By Jay O’Brien
Do your clients view your commission as hard-earned income or a jackpot paycheck? I would be willing to bet the majority view a REALTOR®’s income as the latter. In fact, we constantly hear about the bribery and illegal kick backs awarded to those referring clients in the way of their friends or family. The idea of this should really raise the red flags. Are there actually consumers out there who feel comfortable earning a credit solely in exchange for doing business with a certain “professional”? Sounds more like a multi-level marketing philosophy than a legitimate sales technique. Why are so many real estate agents quick to offer their compensation to someone else? In simple terms, they need the cash.
Consider these staggering statistics:
- 90 percent of agents complete no more than 3 transactions a year (Orange County MLS 2012)
- 65 percent of agents sell zero homes a year (Orange County MLS 2012)
- Only 1.8 percent of agents sell a minimum of one home per month (Orange County MLS 2012)

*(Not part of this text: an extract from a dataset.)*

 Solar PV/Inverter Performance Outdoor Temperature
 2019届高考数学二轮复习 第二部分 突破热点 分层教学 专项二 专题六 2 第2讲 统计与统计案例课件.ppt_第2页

- The median real estate income was approximately $39,140 last year (BLS.gov / May 2012)
Now consider this:
According to a 2013 MIT study, for a single adult, the least required annual income to survive in Orange County (before taxes) is $27,284. For a family of 4 to keep their heads above water—or above the poverty line—one must earn no less than $50,390 a year.
Assuming an average commission of 2.5 percent earned (excluding taxes and brokerage splits), this means only 11.6 percent of agents can afford to live off their income.